It was a new take on the college course, and it offered a different take on Brexit.
In a lecture streamed live from NCH at Northeastern in London and viewed by participants in an agile “pop-up” course on the Boston campus, Northeastern political science professor Mai’a Cross offered a view on Brexit that’s not often present in media coverage of the issue.
Brexit, the result of a June 2016 referendum in which citizens of the U.K. narrowly voted to withdraw from the European Union, was framed by its supporters as a necessity for a nation that was being held back by the E.U. But Cross, who is the Edward W. Brooke Professor of Political Science at Northeastern, and whose research focuses on European foreign and security policy, presented the case that it’s been quite the opposite.
“The E.U.’s approach to the U.K. has been remarkably accommodating,” Cross said Sunday, during a lecture that was part of a day-long conference called “Technology and Human Values: Understanding Brexit” at NCH at Northeastern in London.
Northeastern in February finalized a partnership with New College of the Humanities, a private college in central London, formalizing an agreement that expands the university’s global network of campuses.
New College of the Humanities, which opened in 2011 and has about 200 students and 30 faculty, is known for its personalized approach to education. This makes it fertile ground for opportunities for flexible, student-centered learning.
One such opportunity is the “pop-up” course in which Cross gave her lecture, called “Brexit and Europe: Scenarios for 2030,” that was viewed by students both in London and in a classroom more than 3,000 miles away.
The one-credit course, consisting of two intensive workshops at Northeastern’s Boston campus and two real-time lectures delivered at NCH in London, is part of a university initiative to offer students opportunities to learn in new ways.
The first of the two workshops was held on Saturday, Feb. 23. The second will be held in April.
In the first, Cross delivered a “briefing-style lecture on the history and development of the E.U.,” including the British role in that development. She also got students up to speed on the latest developments in the relationship between the U.K. and the E.U., including the major sticking points, Cross said. During the second half of the day, Cross gave them the tools to try to predict what the European Union will look like 10 years from now.
Cross’s students met again on Sunday to watch her lecture live from London.
In it, she offered the European perspective on Brexit, which has encountered one stumbling block after another. Most recently, members of the British Parliament rejected Prime Minister Theresa May’s plan for leaving and voted that she ask E.U. leaders for more time to come up with a plan before the March 29 deadline—the point at which the U.K. will leave the E.U., plan or no plan.
During her lecture, Cross presented numerous instances throughout the last 50 years when E.U. leaders offered concessions to the U.K. in order to make it appealing for the country to stay in the European Union.

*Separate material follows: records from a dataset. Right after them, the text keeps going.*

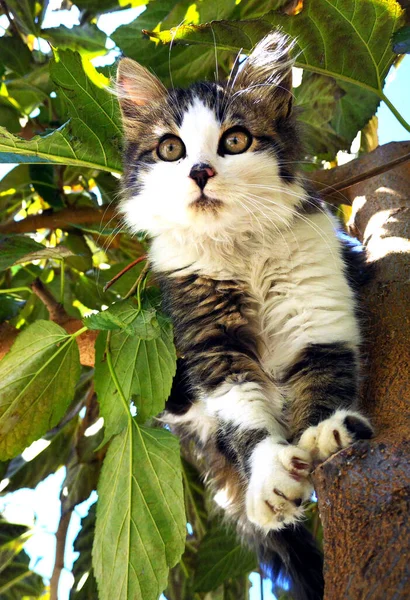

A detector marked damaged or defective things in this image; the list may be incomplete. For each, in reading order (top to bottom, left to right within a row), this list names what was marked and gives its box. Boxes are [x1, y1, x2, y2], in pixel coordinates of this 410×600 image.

rusty brown surface [312, 143, 408, 596]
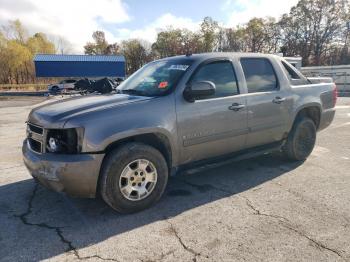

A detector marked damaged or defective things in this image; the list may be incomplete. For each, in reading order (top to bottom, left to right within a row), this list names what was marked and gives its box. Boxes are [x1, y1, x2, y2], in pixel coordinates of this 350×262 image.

missing headlight [45, 128, 79, 154]
damaged front bumper [22, 140, 104, 198]
cracked pavement [0, 96, 350, 262]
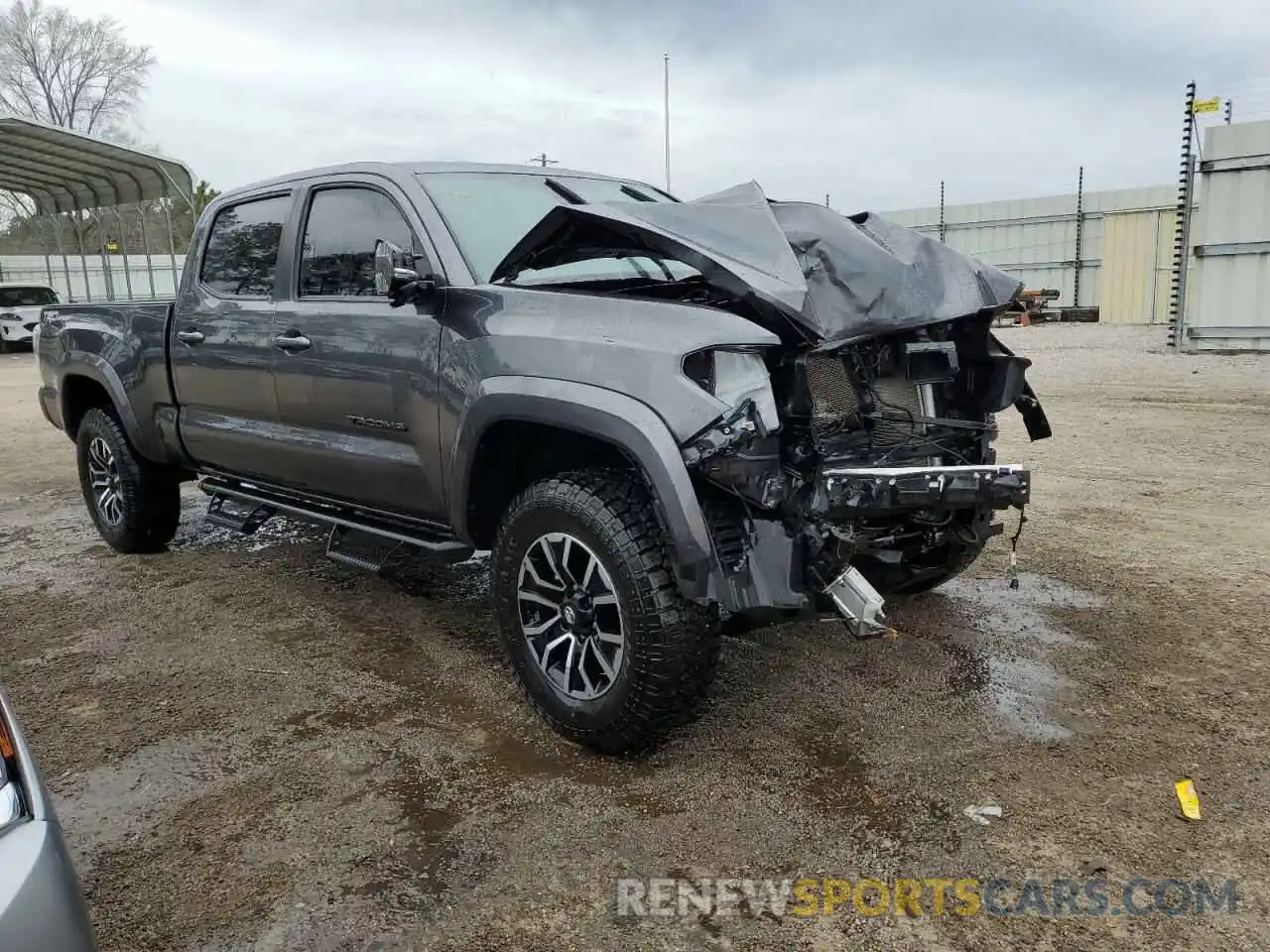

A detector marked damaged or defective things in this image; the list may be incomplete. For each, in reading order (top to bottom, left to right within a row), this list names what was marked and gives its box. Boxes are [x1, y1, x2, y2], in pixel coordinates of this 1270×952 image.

crumpled metal panel [490, 178, 1026, 342]
crumpled hood [490, 179, 1026, 345]
shattered plastic debris [959, 807, 1000, 827]
shattered plastic debris [1168, 781, 1199, 822]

When the U.K. voted to leave anyway, some experts predicted the move would throw Europe into chaos.
Far from it, Cross said.
“The E.U. has been able to speak with one voice… to say, ‘This is a British crisis and a British problem and a British decision and not something that necessarily has to affect the E.U.’” she said.

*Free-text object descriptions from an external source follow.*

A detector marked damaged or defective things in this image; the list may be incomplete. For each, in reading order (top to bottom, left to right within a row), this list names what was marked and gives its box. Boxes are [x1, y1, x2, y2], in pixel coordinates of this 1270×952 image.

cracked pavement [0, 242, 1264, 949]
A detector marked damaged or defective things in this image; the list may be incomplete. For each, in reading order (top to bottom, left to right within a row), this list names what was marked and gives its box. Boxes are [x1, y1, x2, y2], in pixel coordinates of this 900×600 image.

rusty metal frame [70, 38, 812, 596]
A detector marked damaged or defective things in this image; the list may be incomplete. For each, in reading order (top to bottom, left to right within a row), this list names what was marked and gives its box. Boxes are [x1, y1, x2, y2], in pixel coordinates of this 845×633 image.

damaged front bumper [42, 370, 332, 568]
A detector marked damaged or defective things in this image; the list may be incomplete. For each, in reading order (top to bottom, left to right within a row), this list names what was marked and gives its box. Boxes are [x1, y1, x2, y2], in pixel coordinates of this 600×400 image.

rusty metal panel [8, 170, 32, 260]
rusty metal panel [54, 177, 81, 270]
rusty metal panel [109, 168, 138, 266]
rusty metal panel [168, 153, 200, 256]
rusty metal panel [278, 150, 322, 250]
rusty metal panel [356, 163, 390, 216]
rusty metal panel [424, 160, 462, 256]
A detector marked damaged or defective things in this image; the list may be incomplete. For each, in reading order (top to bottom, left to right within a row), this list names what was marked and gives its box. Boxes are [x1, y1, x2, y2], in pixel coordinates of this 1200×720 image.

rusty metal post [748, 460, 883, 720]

Courses such as Cross’s, designed to go deep on a single subject, “allow students to experience major events as they’re happening with the help of a professor who’s also entrenched in that event,” Cross said in an interview with News@Northeastern prior to her lecture Sunday.
Because they’re shorter and more easily adaptable to change than a traditional semester-long course, these sorts of “pop-up” courses are perfect for learning about events such as Brexit, which are still developing, Cross said.
“There’s a lot of uncertainty around Brexit right now, so students have to be on their toes,” Cross said. Of the “pop-up” courses in general, she added, “I think it’s a great idea; it allows us to be really current.”
Academic programs that will similarly take advantage of Northeastern’s trans-Atlantic partnership are also underway.
A group of Northeastern undergraduate students are currently studying at NCH in a semester-long program called “Data, Ethics, and Culture.” Taught by Northeastern and NCH faculty, the program is focused on humanics, a curricular approach to learning that integrates data, technology, and human literacies.